McCracken will run a metagenomics test to identify all bacteria, including Vibrio strains, that significantly increase with SSWD signs. The study will also investigate how resilient sea star populations may be over time. However, sea stars are both hard to acquire, and hard to keep alive in the lab setting, prompting McCracken to use sea urchins as a model species instead.

“[Sea Stars and sea urchins] are both echinoderms, they have the same kind of immune cells and their immune systems function in much the same way,” he says. And sea urchins “also experience very similar kinds of disease outbreaks as the starfish.”

McCracken aims to test sea urchins’ short and long-term resilience to multiple environmental stressors to determine the potential for organisms to adapt, gain resistance, and eventually, to reestablish their populations.

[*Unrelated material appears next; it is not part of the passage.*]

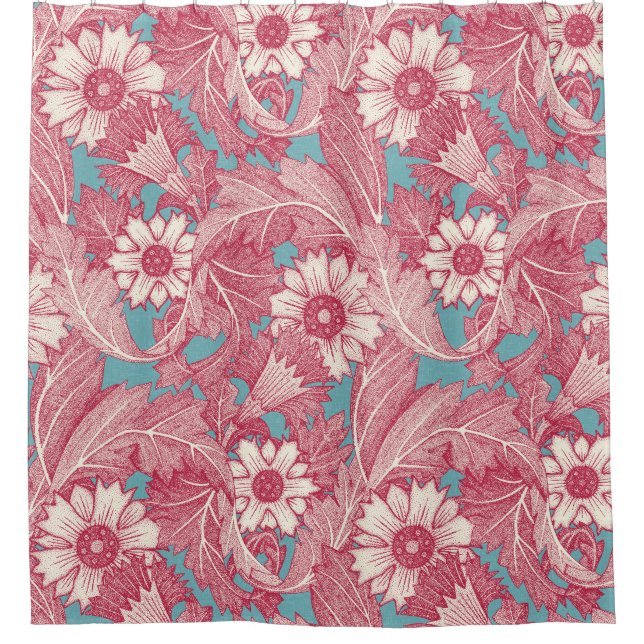 Cortina Para Box acanthus viva magenta turquoise (Frente)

He will spawn sea urchin larva and expose them to higher water temperatures—both gradual increases and acute spikes to mimic natural events—and to a known larval pathogen. He will track which larva survive temperature increases, which survive the pathogen and, if any survive both stressors, determine if the selection of beneficial genes has occurred, suggesting adaptive potential. The results will help build a simulation showing how evolution could happen across generations.

It’s possible no advantageous genes will emerge—that the changes were simply too much, too fast. It’s also possible that certain traits that help individuals survive could be passed down to future generations.

Andrew McCracken looks out at the water of Lake Champlain

Andrew McCracken came to UVM because he wanted to use his skillset for good. He studies the impacts that humans have on wildlife and the ability for organisms to persist despite rapid global change. Photos by Bailey Beltramo.

For McCracken, who grew up along the coast of Maine, the outcomes of SSWD can be hard to think about. He was drawn to study biology and disease ecology because of changes he’s witnessed in the environment as habitats shrink and water temperatures rise.

“The marine environment is very, very fragile,” he says.

McCracken came to UVM because he wanted to do something that could help save it. He settled on using his skillset to assess the impacts that humans have on wildlife and the ability for organisms to persist on a planet undergoing rapid change.

“The goal in the end is to be able to predict the impacts of global change on marine ecosystems, identify at risk species, and learn from those that demonstrate resilience in our changing world,” he says.

This is the third in a four-part series on UVM graduate students awarded prestigious National Science Foundation Graduate Research Fellowships.